The decrease in low gamma power during walking associated with administration of dopaminergic agents in the hemiparkinsonian rat may also have been related to the emergence of the high gamma LFP power band in the MCx in association with l-DOPA-induced dyskinesia as hypothesized by others (Berke, 2009; van der Meer and Redish, 2009; van der Meer et al., 2010). Significant peaks in this high gamma range and significant high gamma coherence between MCx and both STN and mPFC were evident after chronic l-DOPA treatment. Thus, the high gamma activity associated with chronic l-DOPA treatment appears synchronized over a broader area of cortex than the high beta activity prominent in the basal ganglia after dopamine depletion and the low gamma activity evident in the mPFC during walking. While there are reports of high gamma activity (FTG-like) in non-PD patients (Brücke et al., 2008, 2013; Kempf et al., 2009), this activity is clearly evident in the PD patients “on” medication, a state in which it may be enhanced by compensatory changes in the striatum induced by loss of dopamine (Jenkinson et al., 2013). It is tempting to speculate that l-DOPA-induced increases in striatonigral “direct” pathway activity might lead to a reduction in the SNpr activity and disinhibition of the thalamocortical input, facilitating expression of FTG in the MCx in conjunction with dyskinesia.

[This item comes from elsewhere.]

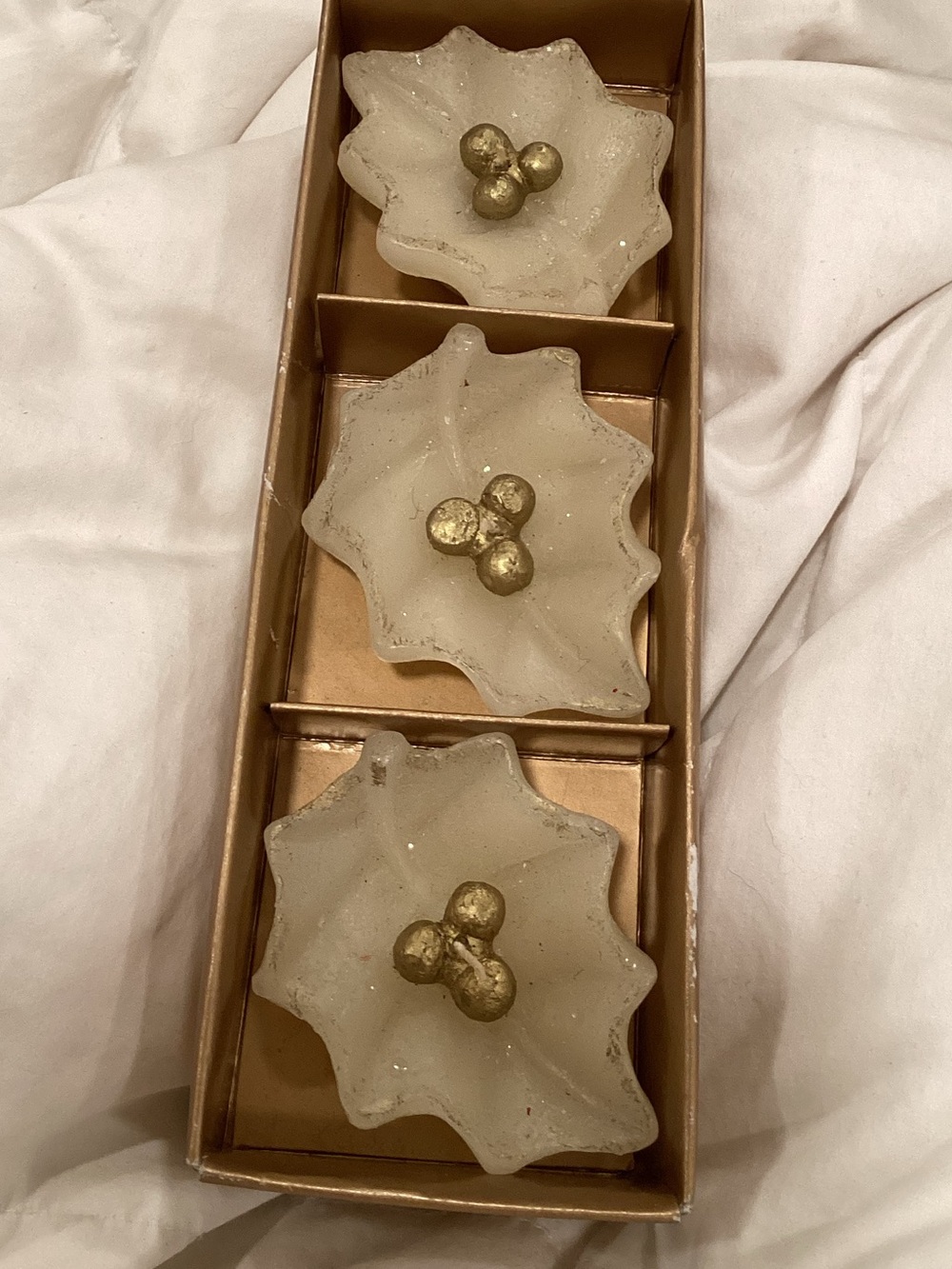 VTG Illusions frosted white holly Leaf floating candles CHRISTMAS DECOR VTG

The lower frequency gamma, although less commonly reported, was found in STN recordings from PD patients in the “off state” (Weinberger et al., 2009; Sharott et al., 2014). The rat model data support the view that these two gamma bands are distinct phenomena, with the lower frequency correlating with activity in the mPFC, and the FTG more strongly organized in the MCx, both modulated by alterations in dopamine receptor stimulation. The fact that the ∼50 Hz gamma band is present in control as well as lesioned rats in the STN and mPFC during walking (Brown et al., 2002; van der Meer and Redish, 2009; van der Meer et al., 2010), argues that it is a normal, albeit cognitive, correlate of movement. On the other hand, the fact that this activity was reduced at day 12 post lesion in the hemiparkinsonian rats, and recovered by 3 weeks post lesion, suggests that both dopamine cell lesion and subsequent compensatory processes have impacted its expression (Lew and Tseng, 2014).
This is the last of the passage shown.